We performed the following experiments:
Experiment 1. The first experiment sent a subset of all tested time series, as we assumed these features represent price action over a set period of time, and in combination could be used to predict price movements. The time series used were close, open, high, low, and volume of Bitcoin. These were obtained from the Kraken API [
14]. See
Table 2 for the results of the prediction.
Table 2 shows that BiLSTM was best DA = 0.5056 but BiGRU produced the lowest MAE = 0.0467;
Experiment 2. In the second experiment, we tested all time series presented in
Table 1: close, open, high, low, volume, transaction fee, estimated Bitcoin USD transaction volume, Bitcoin USD exchange trade volume, rate of Bitcoin hash, Bitcoin Google trends, and gold to USD exchange rate, Fear and Greed index, and the moving average of the closing value. The main idea was to enrich the input data to help improve the prediction. The results can be seen in
Table 3. LightGBM had the best performance and there was an improvement in comparison with Experiment 1 whereby less input data were used;
Experiments 3. For the following experiments, series importance for the prediction was analyzed according to the LightGBM model. The order of importance can be seen in
Figure 3. The experiments were performed indicating different combinations of the four most important series: open, high, low, and close values. These time series exhibited a significant correlation with the closing price of Bitcoin and exerted an influence over its behavior. For this experiment, open, high, and low values were used.

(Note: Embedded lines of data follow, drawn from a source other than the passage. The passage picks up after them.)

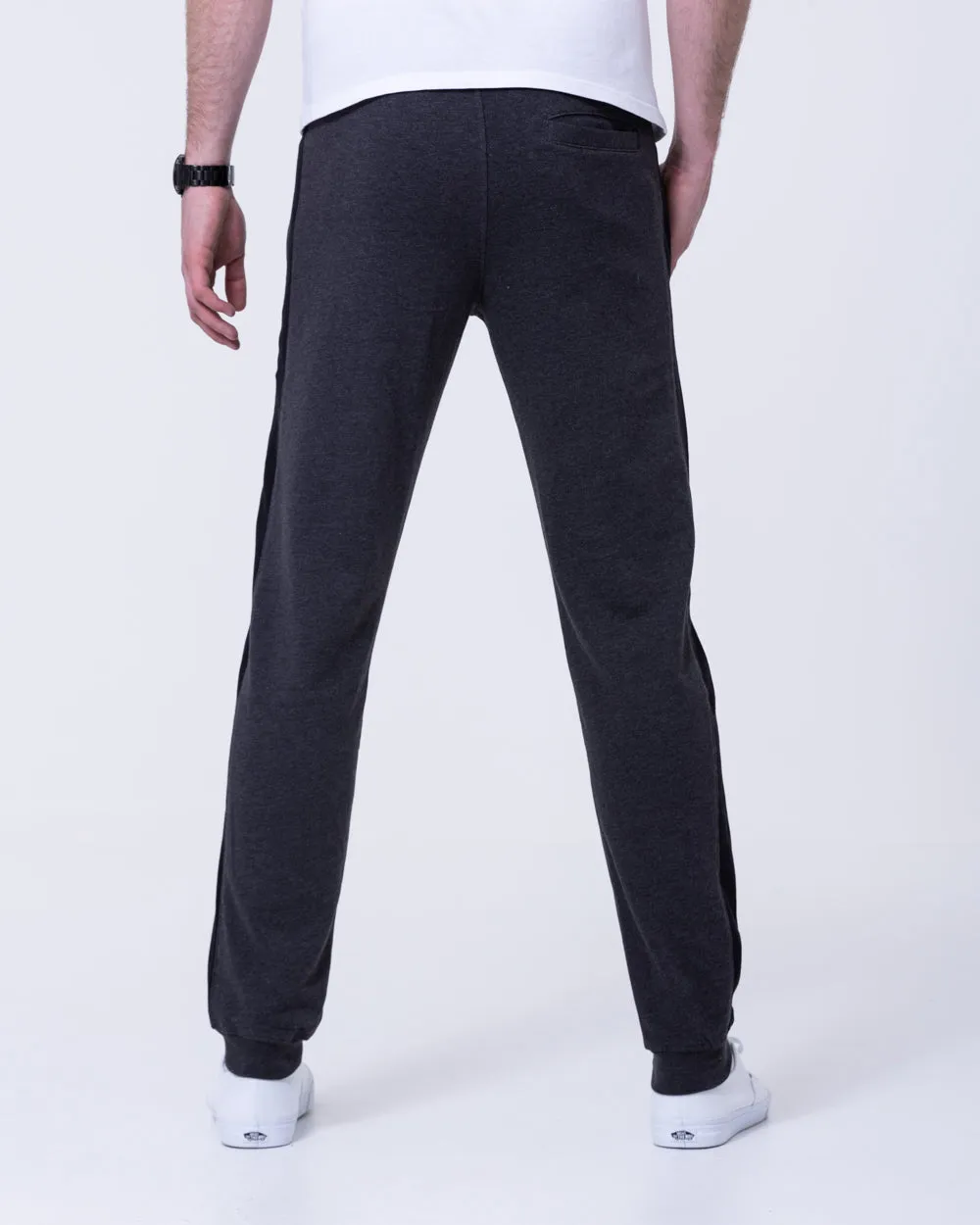 2t Colin Striped Regular Fit Tall Joggers (charcoal) sport fashion.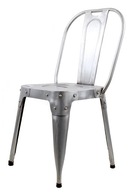 FÉM SZÉK EZÜST RETRO STÍLUS 90cm MAGAS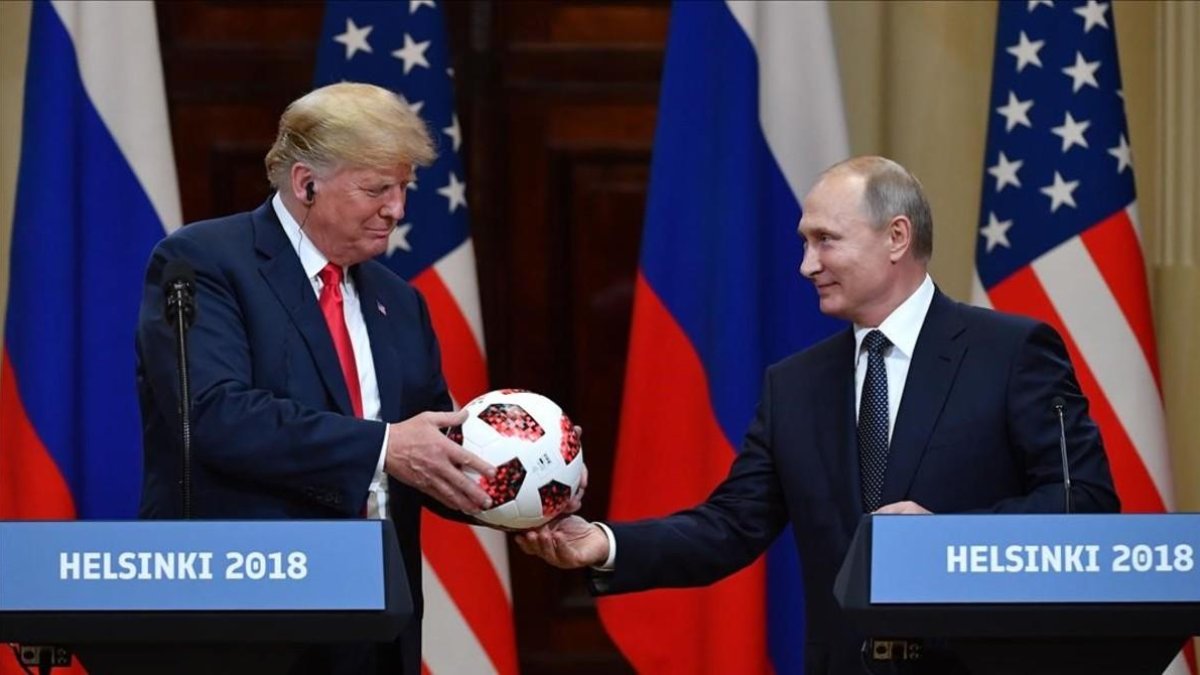 Trump y Putin, ayer en Hensilki-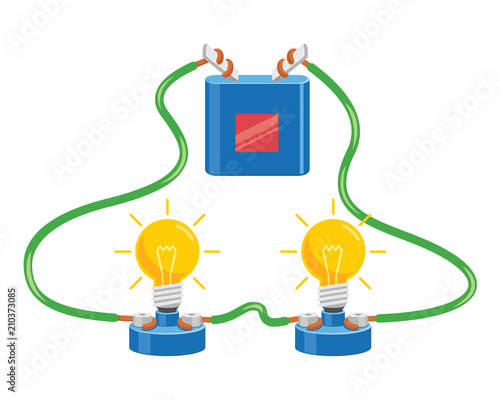 Vector Illustration Of Electric Circuit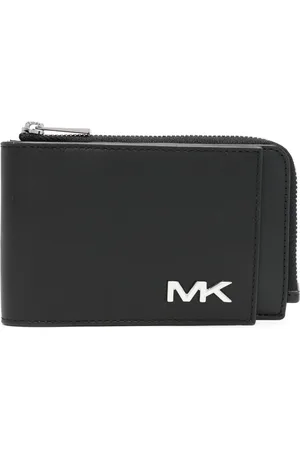 Michael Kors Läderplånbok med logotypplakett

Table 4 shows that BiLSTM had the best DA = 0.4832, but GRU had the best MAE = 0.0496. The results show a decrease in performance;
Experiment 4. For this experiment, high and low values were used.
Table 5 shows that BiLSTM had the best performance with DA = 0.5169. There was an improvement in comparison with Experiment 1, but it did not reach the performance of Experiment 2;
Experiment 5. For this experiment, low values were used.
Table 6 shows that LSTM had the best performance with DA = 0.5169. The results show a similar performance in comparison with Experiment 4;
Experiment 6. For this experiment, open and low values were used.
Table 7 shows that LSTM had the best DA = 0.5393 and BiLSTM delivered the lowest errors. The results show an improvement in performance compared with previous experiments, but it was not better than Experiment 2;
Experiment 7. Since Experiment 2 had the best performance until this point, we tested all time series used in Experiment 2 and added 11 VMD modes to assess their impact on prediction. That is, the input data included the values of close, open, high, low, volume, transaction fee, estimated Bitcoin USD transaction volume, Bitcoin USD exchange trade volume, rate of Bitcoin hash, Bitcoin Google trends, and gold to USD exchange rate, Fear and Greed index, and the moving average of the closing value and 11 VMD modes. The results are presented in
Table 8. This time, BiGRU had the best DA = 0.5730 but LSTM had the lowest errors. The results show a big improvement in performance compared with the previous experiments;
Experiment 8. This experiment consisted of sending the values of all 11 VMD modes as input data, that is, only the 11 VMD modes were added to assess the impact these had on the prediction (see
Table 9). BiGRU had the best DA = 0.5618, BiLSTM the best MAE, and LSTM the best MSE and RMSE. Results show an improvement in performance compared with previous experiments, but it was not better than Experiment 7.
In all the experiments, we observed a noticeable improvement in the BiLSTM model when it did not present the dropout layer.